She explained that for monolithic SCADA software systems, it could take six months to a year for a new release. What LF Energy wants to do is to take six-month releases and move them to six-day or even six-hour releases. She pointed out that this is possible and that it’s been happening in the telecommunications sector.

“We are not going to get to decarbonization by believing in some fantasy that somewhere in some country is a bunch of engineers building the future and they’re just going to throw it over the wall. That’s not happening. Nobody has the capacity to do that, so we have to learn how to actually rapidly iterate, and that is a human problem.

“I feel like the human dimensions of what it is we’re trying to solve — that is a conversation that really needs to happen,”

She explained that people are simply not prepared. She wants to create a culture of people who are willing to admit they are lost and ask questions in order to solve the carbon problem. One of the many reasons people don’t ask questions is because they are afraid of getting mocked or belittled.

Shuli pointed out that this type of planning takes years.

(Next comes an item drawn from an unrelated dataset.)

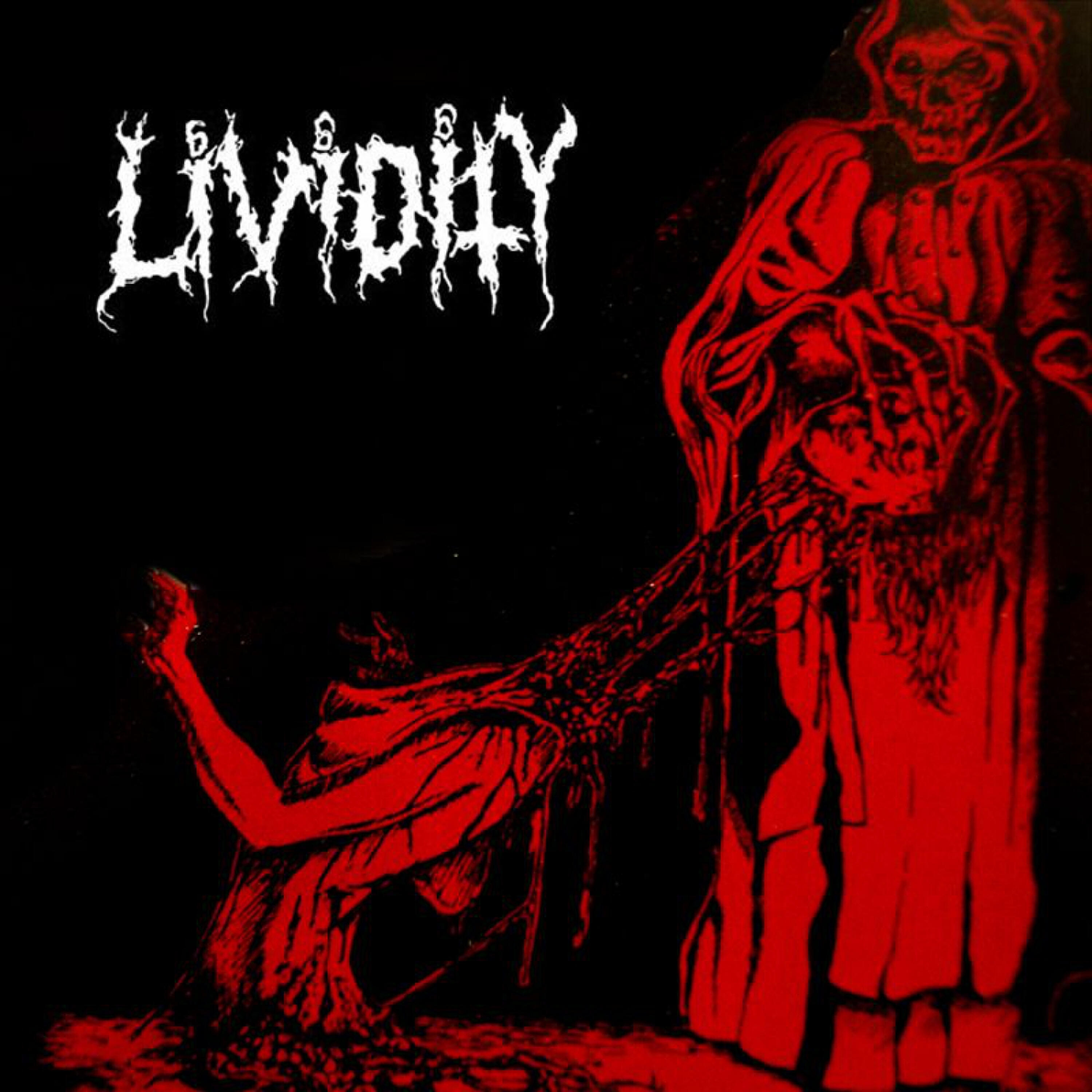 Lividity - Process of Disembowelment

“I really think that when we think about the design patterns of the future, we need to be thinking 3,000 years out. Not 50 years out, but 3,000 years out. It’s like, is this going to stand up for that long or are we just creating something with more externalities?”

The final slide Shuli shared was how LF Energy identified the areas at the Edge needing to be common piping. Substations, microgrids, and demand response are all in this category.

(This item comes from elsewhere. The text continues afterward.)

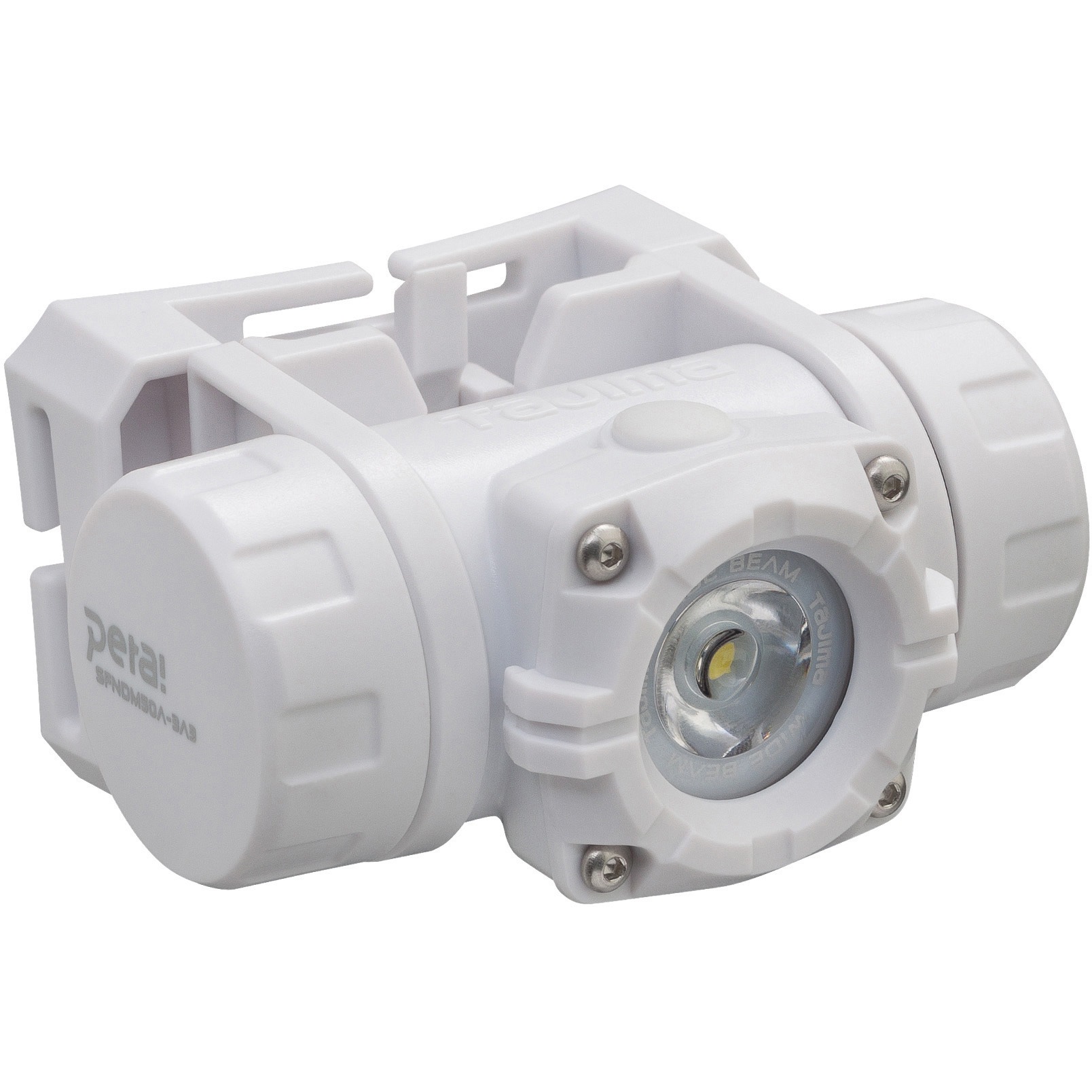 SFNDM50A-3A3W ヘッドライト セフヘッドライト MD 500lm 大径照射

Example Of LF Energy’s Software In Action

As an example, Shuli used one of the companies in the Business Application section, Sogno, a project that was funded by the EU in its Horizon 2020 project. Sogno is 5G ready and is the beginning of a microservices architecture that will enable utilities to begin transitioning monolithic SCADA systems to microservices.

Another company, SeaPath, is in the Edge section and is using standard virtualization and automation software. Shuli noted that SeaPath is going all the way down to the chip level so that there can be an X-86 or other kind of commodity hardware using open-source software to enable substation automation and virtualization. Shuli detailed the importance of this.

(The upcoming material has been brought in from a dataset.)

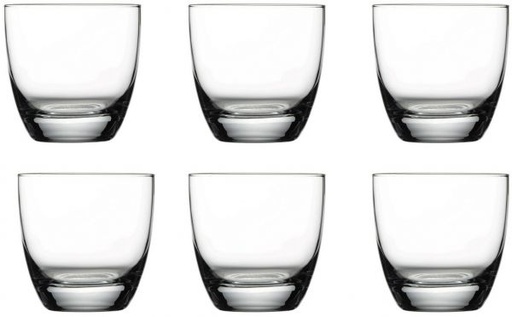 [1001420] TUMBLER LYRIC, SERVICE LINE - 42030 12 pcs set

“In the United States, we have rate cases that basically privilege very large hardware purchases — like $10 million substations, that are considered to be 50–100 year purchases.

“What they’re doing is … on the path to basically create miniaturized substations that will be out at the edge. Your neighborhood may have one and they will be all over the place. The best way to think of them is as an edge node router. It’s basically sending supply and demand that are very customized around protection and ensures that voltage and power quality is regulated at the edge.”

Southern Consolidated Edison has 900 substations. Shuli explained that it should have 90,000 substations to do its job well. However, California’s Public Utilities Commission (PUC) will only pay for 50-year substations as opposed to commodity hardware open-sourced software that is enabling network flexibility.

Learn more about LF Energy here.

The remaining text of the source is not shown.